A solicitor who lamented that a plane carrying Jewish refugees didn’t blow up mid-air has been fined £25,000 and ordered to pay almost £10,000 costs.
Majid Mahmood, a partner at City Law Chambers in Luton and a director at Liberty Law Solicitors, had the sanction imposed by the Solicitors Disciplinary Tribunal for comments he made on social media in 2015 and 2016.
Mahmood, 40, said his statement referred to airborne IDF soldiers blowing up mid-air, but the panel ruled that this was an “implausible” argument, and accepted that the comments had been made in response to an article about Jewish refugees being airlifting out of a troubled country to Israel.
His comments first attracted attention in 2015, when he wrote: “Someone needs to shoot all the Israeli Zionists dead then send their bodies to America as a present for Obama and his Zionist pals.”
Then, in early 2016, in response to the article, he wrote: “The [sic] ain’t gods [sic] chosen people they’re Satans [sic] love child’s [sic] and it’s a shame e [sic] the plane carrying them didn’t blow up mid air.” In response to another Facebook user, Mahmood then referred to Israel as “a nation fuelled by greed”.

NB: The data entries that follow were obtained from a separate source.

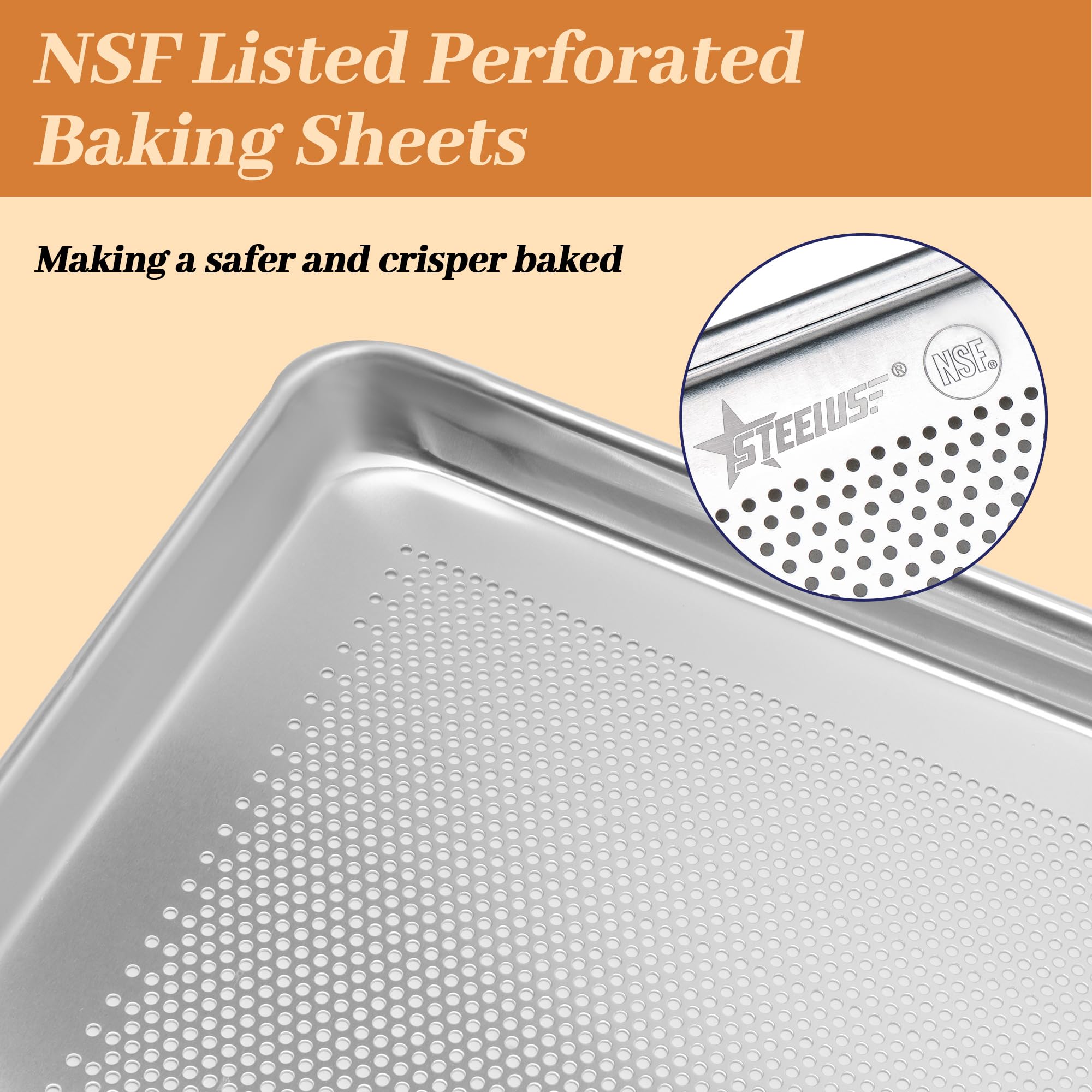 6 Pack Large Size Baking Sheet Pans, Aluminum Commercial Cookie Sheets Non-Stick, 21"x15"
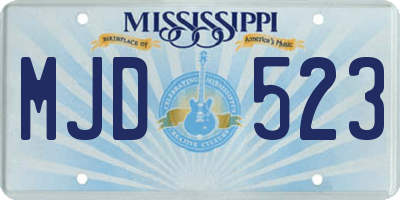 MS license plate MJD523
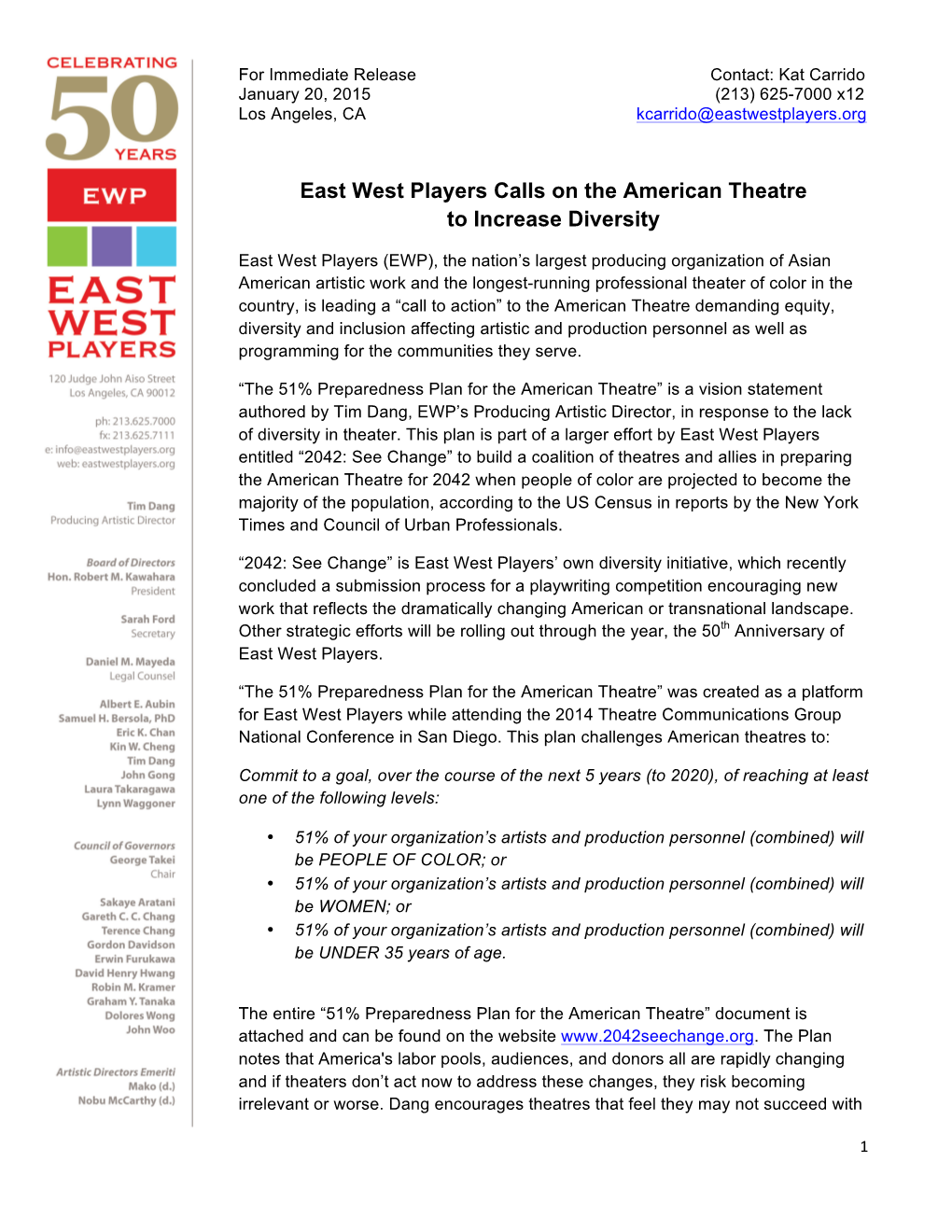 East West Players Calls on the American Theatre to Increase Diversity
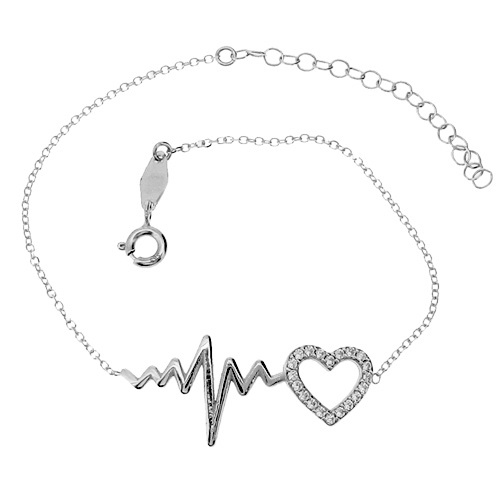 Λευκόχρυσο βραχιόλι Κ14 με ζιργκόν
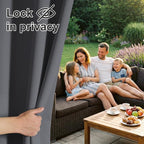 RYB HOME Extra Wide Outdoor Curtains 2 Panels or Patio Waterproof | Blackout - Image 6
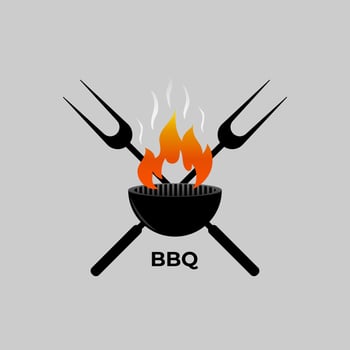 bbq grill logo illustration vector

After being challenged by the Campaign Against Antisemitism (CAA), Mahmood’s solicitor said he “unequivocally accepts the posts… were wholly inappropriate” and that he “regrets doing so,” but denied that they were anti-Semitic.
Appearing as a witness, CAA chair Gideon Falter said Mahmood’s comments were “pretty extreme” and “incontrovertibly anti-Semitic,” but Mahmood said his comments were aimed at “Israeli Zionists” and not at Jews.
The tribunal said Mahmood had “stepped over the line” by advocating violence and that he had acted “without integrity”. It gave Mahmood “the benefit of the doubt” in finding that his reference to “Israeli Zionists” was not anti-Semitic, after Mahmood said he was reacting to a video of innocent Palestinian children being blown up.
However it found that the reference to “God’s chosen people” was “a trigger phrase for the Jewish people” and that Mahmood reference to Jews as “Satan’s love child” was “religiously offensive”.
In addition to the fine, Mahmood was suspended from practicing as a solicitor by the panel, “weighing the interests of the profession in terms of the maintenance of confidence in its reputation,” but the suspension was itself suspended.
A CAA spokesman said: “Whilst we do not agree with the decision to allow Mr Mahmood, who has repeatedly made vile statements calling for death and destruction, to remain in practice, we nonetheless welcome this decision.”
He added: “We commend the Solicitors Regulation Authority for doing the right thing in bringing this action, and we applaud the Tribunal for sending this strong message that antisemitism within the legal profession will be severely punished.”